Bahkan Rasulullah shallallahu ‘alaihi wa sallam pun diingatkan oleh Allah Subhanahu wa Ta’ala mengenai batasan ini:

إِنَّكَ لَا تَهْدِي مَنْ أَحْبَبْتَ وَلَٰكِنَّ اللَّهَ يَهْدِي مَنْ يَشَاءُ

Artinya: “Sungguh, engkau (Muhammad) tidak dapat memberi petunjuk kepada orang yang engkau kasihi, tetapi Allah memberi petunjuk kepada orang yang Dia kehendaki.” (QS. Al-Qasas: 56).

Menggeser Target dari Pengakuan Menuju Keridaan Ilahi

Penyebab utama munculnya rasa tersinggung atau marah saat nasihat diabaikan adalah karena masih adanya pamrih terselubung di dalam dada. Sahabat MQ harus waspada terhadap jebakan halus ini, di mana ada keinginan tersembunyi agar dianggap sebagai sosok yang bijaksana atau dihormati. Ketika orientasi batin masih berpusat pada pencarian kedudukan di hati makhluk, maka efektivitas kata-kata akan sirna.

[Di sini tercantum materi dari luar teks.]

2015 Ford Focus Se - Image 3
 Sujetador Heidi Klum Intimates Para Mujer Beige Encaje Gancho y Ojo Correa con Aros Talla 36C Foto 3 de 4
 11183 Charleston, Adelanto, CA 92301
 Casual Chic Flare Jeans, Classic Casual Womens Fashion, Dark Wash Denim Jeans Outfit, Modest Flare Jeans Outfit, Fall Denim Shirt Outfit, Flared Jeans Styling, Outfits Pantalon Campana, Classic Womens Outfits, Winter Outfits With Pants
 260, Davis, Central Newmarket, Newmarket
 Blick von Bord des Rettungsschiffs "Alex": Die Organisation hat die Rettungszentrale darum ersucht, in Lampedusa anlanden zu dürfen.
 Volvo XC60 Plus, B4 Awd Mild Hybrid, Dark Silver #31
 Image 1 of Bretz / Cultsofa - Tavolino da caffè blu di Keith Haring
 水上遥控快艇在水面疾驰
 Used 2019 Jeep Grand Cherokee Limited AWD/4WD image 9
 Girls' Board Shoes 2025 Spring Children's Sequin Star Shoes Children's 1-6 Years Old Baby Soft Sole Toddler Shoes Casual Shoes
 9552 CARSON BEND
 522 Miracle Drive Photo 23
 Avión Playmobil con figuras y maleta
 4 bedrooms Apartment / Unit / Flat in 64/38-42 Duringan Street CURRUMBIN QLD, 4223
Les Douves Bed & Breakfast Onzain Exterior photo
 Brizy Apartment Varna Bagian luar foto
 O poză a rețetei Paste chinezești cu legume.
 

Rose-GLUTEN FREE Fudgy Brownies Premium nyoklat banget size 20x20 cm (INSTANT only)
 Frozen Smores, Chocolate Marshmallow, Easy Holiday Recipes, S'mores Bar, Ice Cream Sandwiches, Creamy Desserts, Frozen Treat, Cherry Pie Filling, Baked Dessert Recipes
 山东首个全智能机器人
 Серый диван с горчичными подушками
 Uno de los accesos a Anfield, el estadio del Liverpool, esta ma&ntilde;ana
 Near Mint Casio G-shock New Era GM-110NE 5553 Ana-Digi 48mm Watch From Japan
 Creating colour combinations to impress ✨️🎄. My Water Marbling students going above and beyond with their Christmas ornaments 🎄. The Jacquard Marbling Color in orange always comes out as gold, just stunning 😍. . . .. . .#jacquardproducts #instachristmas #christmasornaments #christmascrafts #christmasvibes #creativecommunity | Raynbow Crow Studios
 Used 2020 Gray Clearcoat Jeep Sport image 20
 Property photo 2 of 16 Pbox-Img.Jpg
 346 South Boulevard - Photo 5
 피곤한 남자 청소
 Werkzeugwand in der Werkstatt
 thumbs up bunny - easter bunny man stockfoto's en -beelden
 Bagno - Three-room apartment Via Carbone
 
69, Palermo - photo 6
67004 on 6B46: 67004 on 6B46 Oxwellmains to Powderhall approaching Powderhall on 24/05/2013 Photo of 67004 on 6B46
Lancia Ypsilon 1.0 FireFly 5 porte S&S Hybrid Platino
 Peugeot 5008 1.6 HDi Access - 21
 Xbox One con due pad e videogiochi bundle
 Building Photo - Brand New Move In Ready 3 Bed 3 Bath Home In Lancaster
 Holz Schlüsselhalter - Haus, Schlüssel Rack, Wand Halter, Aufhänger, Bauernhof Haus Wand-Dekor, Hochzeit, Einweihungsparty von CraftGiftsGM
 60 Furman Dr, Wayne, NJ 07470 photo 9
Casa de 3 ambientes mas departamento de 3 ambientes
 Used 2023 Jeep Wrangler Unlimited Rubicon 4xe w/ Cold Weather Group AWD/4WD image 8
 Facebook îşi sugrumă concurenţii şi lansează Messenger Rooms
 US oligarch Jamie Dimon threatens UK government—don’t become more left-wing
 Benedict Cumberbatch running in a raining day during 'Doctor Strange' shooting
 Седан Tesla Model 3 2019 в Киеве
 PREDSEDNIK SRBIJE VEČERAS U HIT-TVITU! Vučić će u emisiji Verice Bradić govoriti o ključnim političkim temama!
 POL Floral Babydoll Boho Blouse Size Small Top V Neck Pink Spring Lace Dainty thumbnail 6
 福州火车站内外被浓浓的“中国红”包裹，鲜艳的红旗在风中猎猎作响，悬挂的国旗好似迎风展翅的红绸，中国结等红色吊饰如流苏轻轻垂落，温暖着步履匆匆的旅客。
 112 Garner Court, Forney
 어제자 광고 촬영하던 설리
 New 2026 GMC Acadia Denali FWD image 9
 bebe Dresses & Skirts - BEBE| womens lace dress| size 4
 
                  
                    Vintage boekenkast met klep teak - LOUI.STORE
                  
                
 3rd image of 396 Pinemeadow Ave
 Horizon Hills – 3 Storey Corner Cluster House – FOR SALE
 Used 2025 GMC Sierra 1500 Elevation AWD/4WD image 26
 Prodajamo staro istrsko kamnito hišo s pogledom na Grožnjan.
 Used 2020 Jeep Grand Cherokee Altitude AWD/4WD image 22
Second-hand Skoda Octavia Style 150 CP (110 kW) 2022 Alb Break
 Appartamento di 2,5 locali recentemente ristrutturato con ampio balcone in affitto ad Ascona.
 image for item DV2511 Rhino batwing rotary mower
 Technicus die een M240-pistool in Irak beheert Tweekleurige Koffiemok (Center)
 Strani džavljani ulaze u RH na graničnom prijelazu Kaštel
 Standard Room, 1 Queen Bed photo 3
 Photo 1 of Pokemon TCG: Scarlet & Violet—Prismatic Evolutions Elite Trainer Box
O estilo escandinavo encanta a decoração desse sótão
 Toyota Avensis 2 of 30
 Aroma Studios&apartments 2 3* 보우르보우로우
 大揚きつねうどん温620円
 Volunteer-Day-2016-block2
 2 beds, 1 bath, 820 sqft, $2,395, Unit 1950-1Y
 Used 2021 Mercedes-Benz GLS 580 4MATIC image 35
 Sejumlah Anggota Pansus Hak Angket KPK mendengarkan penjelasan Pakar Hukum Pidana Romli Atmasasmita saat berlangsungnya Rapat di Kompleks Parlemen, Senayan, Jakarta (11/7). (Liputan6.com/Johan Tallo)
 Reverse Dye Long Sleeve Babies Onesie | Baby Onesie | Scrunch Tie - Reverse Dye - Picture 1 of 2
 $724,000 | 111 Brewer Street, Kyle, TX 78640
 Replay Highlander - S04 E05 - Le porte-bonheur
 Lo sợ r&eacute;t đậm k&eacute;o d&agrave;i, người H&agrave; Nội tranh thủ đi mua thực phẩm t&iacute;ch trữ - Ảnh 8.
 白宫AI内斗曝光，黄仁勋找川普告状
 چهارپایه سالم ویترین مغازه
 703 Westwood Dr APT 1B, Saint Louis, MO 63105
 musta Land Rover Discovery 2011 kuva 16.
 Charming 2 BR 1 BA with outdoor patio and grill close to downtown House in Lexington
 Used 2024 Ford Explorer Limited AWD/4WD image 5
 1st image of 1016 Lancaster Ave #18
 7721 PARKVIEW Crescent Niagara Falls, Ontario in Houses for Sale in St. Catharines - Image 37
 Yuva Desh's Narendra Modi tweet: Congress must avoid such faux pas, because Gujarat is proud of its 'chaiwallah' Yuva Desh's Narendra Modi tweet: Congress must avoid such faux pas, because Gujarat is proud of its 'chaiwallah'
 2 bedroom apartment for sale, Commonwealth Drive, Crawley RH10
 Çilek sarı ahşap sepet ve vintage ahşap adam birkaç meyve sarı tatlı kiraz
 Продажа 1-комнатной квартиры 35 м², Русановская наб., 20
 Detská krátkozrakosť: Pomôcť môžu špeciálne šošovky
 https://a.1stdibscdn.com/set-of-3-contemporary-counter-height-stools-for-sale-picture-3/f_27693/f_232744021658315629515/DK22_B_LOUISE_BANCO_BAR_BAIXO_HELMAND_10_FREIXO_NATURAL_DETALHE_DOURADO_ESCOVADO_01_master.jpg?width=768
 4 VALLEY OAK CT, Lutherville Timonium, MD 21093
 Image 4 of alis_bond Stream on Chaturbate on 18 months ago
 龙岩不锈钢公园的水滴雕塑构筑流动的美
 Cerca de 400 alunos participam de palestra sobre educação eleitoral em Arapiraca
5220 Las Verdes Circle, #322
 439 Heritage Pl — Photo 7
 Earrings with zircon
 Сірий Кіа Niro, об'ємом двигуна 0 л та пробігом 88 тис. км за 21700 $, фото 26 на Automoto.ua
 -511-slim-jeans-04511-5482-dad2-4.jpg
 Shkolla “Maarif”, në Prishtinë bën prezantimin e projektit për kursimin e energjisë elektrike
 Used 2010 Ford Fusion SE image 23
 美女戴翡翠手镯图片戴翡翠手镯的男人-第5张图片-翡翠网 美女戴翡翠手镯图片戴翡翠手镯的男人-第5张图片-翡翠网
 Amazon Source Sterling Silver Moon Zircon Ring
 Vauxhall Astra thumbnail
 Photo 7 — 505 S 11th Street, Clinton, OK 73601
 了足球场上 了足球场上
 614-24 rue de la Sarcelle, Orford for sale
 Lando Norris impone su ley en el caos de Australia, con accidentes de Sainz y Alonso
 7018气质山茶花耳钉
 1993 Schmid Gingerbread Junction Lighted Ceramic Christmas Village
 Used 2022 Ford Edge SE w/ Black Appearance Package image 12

Sampaikanlah kebenaran dengan nada yang lembut dan pilihan kata yang baik semata-mata karena hal tersebut disukai oleh Allah Subhanahu wa Ta’ala. Ketika fokus utama diubah untuk mencari wajah Allah, maka penolakan dari manusia tidak akan lagi melahirkan rasa sakit hati. Keikhlasan inilah yang nantinya akan menjadi energi magnetis yang mampu menembus relung jiwa yang paling dalam.

Rasulullah shallallahu ‘alaihi wa sallam bersabda mengenai hakikat keikhlasan dan orientasi amal yang murni:

«إِنَّمَا الأَعْمَالُ بِالنِّيَّاتِ، وَإِنَّمَا لِكُلِّ امْرِئٍ مَا نَوَى»

Artinya: “Sesungguhnya amalan itu tergantung pada niatnya, dan setiap orang akan mendapatkan sesuai dengan apa yang ia niatkan.” (HR. Bukhari dan Muslim).

Kekuatan Karisma Spiritual Hasil Kedekatan dengan Khaliq

Kewibawaan yang sejati tidak lahir dari bentakan yang keras, seragam yang megah, ataupun gelar keduniaan yang berderet panjang. Sahabat MQ akan mendapati bahwa karisma yang sejati terpancar secara alami dari pancaran keteguhan iman dan kekuatan ibadah seseorang. Ketika seorang hamba memperbaiki hubungannya dengan Allah di keheningan malam, maka Allah yang akan memperbaiki hubungannya dengan makhluk.

Daripada menghabiskan energi untuk berdebat kusir yang emosional di dalam rumah tangga, alangkah baiknya jika energi tersebut dialihkan untuk memperbanyak doa. Mintalah dengan penuh ketundukan agar Zat yang Maha Membolak-balikkan hati berkenan menyentuh dan membimbing keluarga kita. Biarlah kesederhanaan sikap dan kesucian niat kita yang berbicara menjadi teladan nyata yang menggerakkan perubahan.

Allah Subhanahu wa Ta’ala berfirman mengenai kasih sayang yang ditanamkan-Nya ke dalam hati manusia bagi hamba yang beriman:

إِنَّ الَّذِينَ آمَنُوا وَعَمِلُوا الصَّالِحَاتِ سَيَجْعَلُ لَهُمُ الرَّحْمَٰنُ وُدًّا

Artinya: “Sesungguhnya orang-orang yang beriman dan beramal saleh, kelak (Allah) Yang Maha Pengasih akan menanamkan rasa kasih sayang (dalam hati mereka).” (QS. Maryam: 9).